■ **Exercise prompt**
The pictures stay out; all of the data is to be printed exactly.

■ **Records supplied**
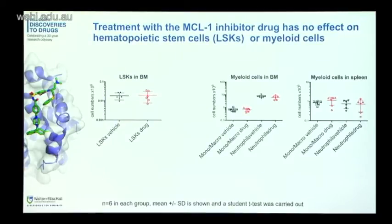We proceeded to look in more detail at different cell subsets. First, we looked at hematopoietic stem cells — specifically LSKs in the bone marrow — which we thought might be affected given reports in the literature. But actually they weren't really affected by the drug. Similarly, myeloid cells within the bone marrow and spleen showed no effect with MCL1 inhibitor treatment. We also looked at thymocytes and mature T cells with the same conclusion.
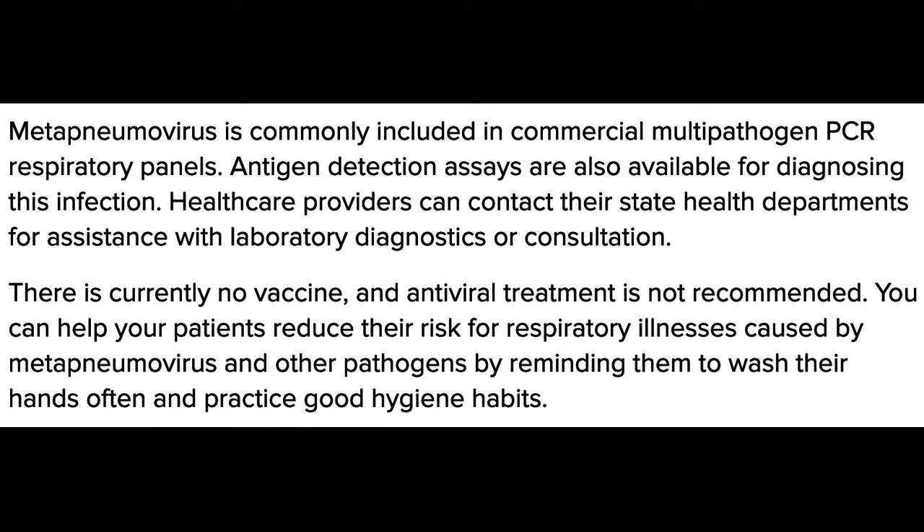Metapneumovirus is commonly included in commercial multipathogen PCR respiratory panels. Antigen detection assays are also available for diagnosing infection. Healthcare providers can contact their state health department for assistance with laboratory diagnostics or consultation.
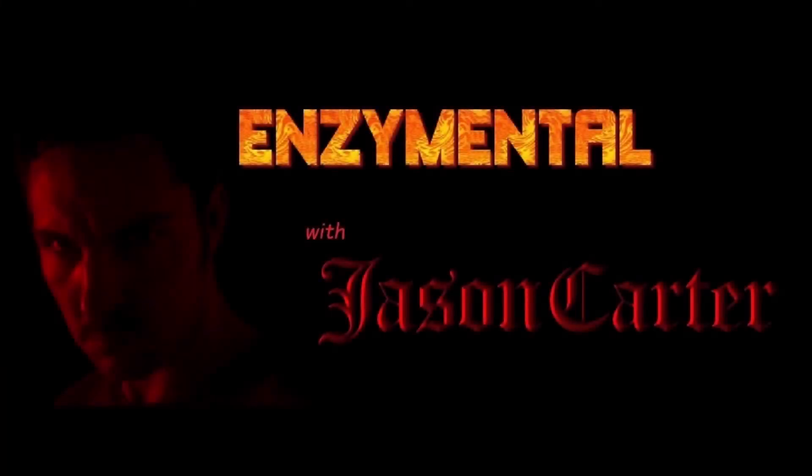Thanks for watching. I'm Jason Carter, and I'll see you next time on Enzyme Mental. Stay healthy!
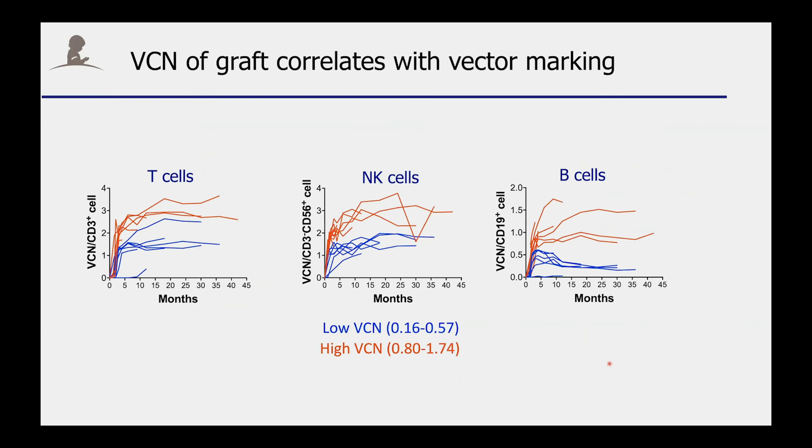If you look a little bit closer at gene marking, you realize that there is actually a higher group and a lower group for T cells, NK cells, and B cells. And this really correlates with the vector copy number (VCN) in the infused graft. Children who received a graft with low VCN tend to have lower VCN in their T cells, NK cells, and B cells, whereas children who received a high VCN graft have higher levels.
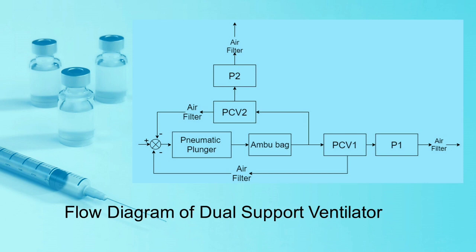The ambu-bag is the main component of our system. The air from this bag is sent to the patients when we compress it with the help of an automated pneumatic plunger. The volume of air supplied to the patients is controlled by two pressure control valves. These control valves act as feedback elements and send signals back to the pneumatic plunger, taking into account the volume of air required by the patients and their respective breathing cycles. The pressure applied by the plunger and the volume released by the ambu-bag will ensure that patients receive an ample amount of oxygen.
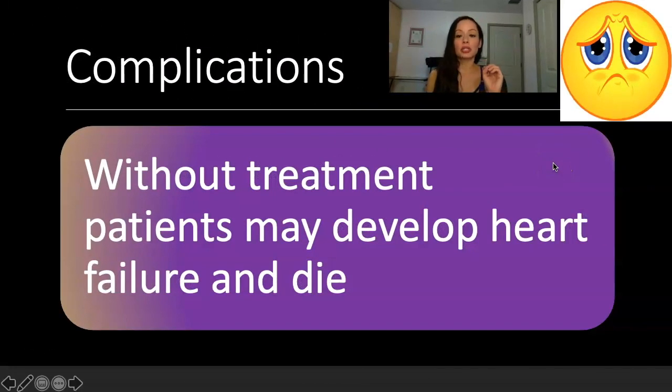What are the complications of pernicious anemia? Without treatment, patients may develop heart failure and die.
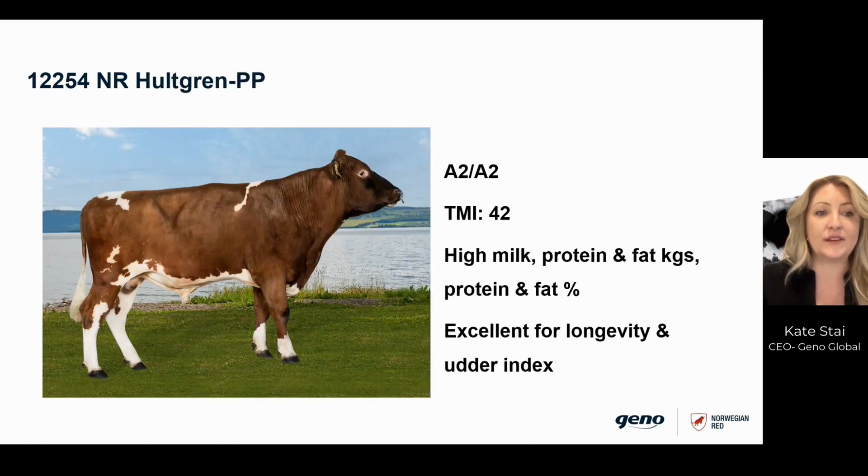The third bull we have is Hultgren PP. He is a homozygous polled sire with a superb profile for his daughters. You can expect very good solids production, both for kilos of milk protein and fat, but also on fat and protein percentages. He also has very good breeding values for udder confirmation.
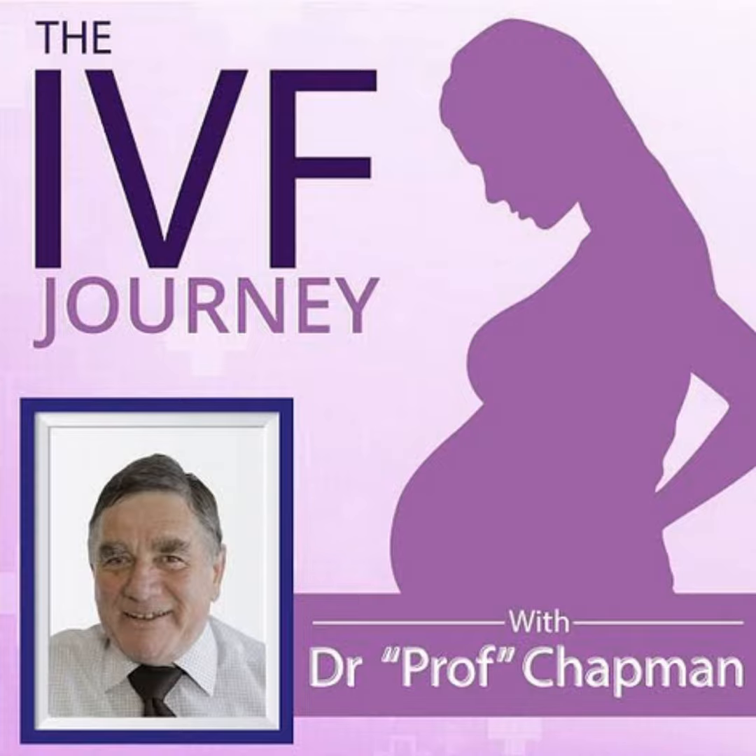B is a distinction, C is a credit. Really, embryos — in either the trophectoderm or the inner cell mass — if they are Cs, the chances of a pregnancy with that embryo are very low, even though it is a blastocyst. There is a grading system based on the number of cells that scientists can see and the shape of them.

■ **Written solution**
We proceeded to look in more detail at different cell subsets. First, we looked at hematopoietic stem cells — specifically LSKs in the bone marrow — which we thought might be affected given reports in the literature. But actually they weren't really affected by the drug. Similarly, myeloid cells within the bone marrow and spleen showed no effect with MCL1 inhibitor treatment. We also looked at thymocytes and mature T cells with the same conclusion.
Metapneumovirus is commonly included in commercial multipathogen PCR respiratory panels. Antigen detection assays are also available for diagnosing infection. Healthcare providers can contact their state health department for assistance with laboratory diagnostics or consultation.
Thanks for watching. I'm Jason Carter, and I'll see you next time on Enzyme Mental. Stay healthy!
If you look a little bit closer at gene marking, you realize that there is actually a higher group and a lower group for T cells, NK cells, and B cells. And this really correlates with the vector copy number (VCN) in the infused graft. Children who received a graft with low VCN tend to have lower VCN in their T cells, NK cells, and B cells, whereas children who received a high VCN graft have higher levels.
The ambu-bag is the main component of our system. The air from this bag is sent to the patients when we compress it with the help of an automated pneumatic plunger. The volume of air supplied to the patients is controlled by two pressure control valves. These control valves act as feedback elements and send signals back to the pneumatic plunger, taking into account the volume of air required by the patients and their respective breathing cycles. The pressure applied by the plunger and the volume released by the ambu-bag will ensure that patients receive an ample amount of oxygen.
What are the complications of pernicious anemia? Without treatment, patients may develop heart failure and die.
The third bull we have is Hultgren PP. He is a homozygous polled sire with a superb profile for his daughters. You can expect very good solids production, both for kilos of milk protein and fat, but also on fat and protein percentages. He also has very good breeding values for udder confirmation.
B is a distinction, C is a credit. Really, embryos — in either the trophectoderm or the inner cell mass — if they are Cs, the chances of a pregnancy with that embryo are very low, even though it is a blastocyst. There is a grading system based on the number of cells that scientists can see and the shape of them.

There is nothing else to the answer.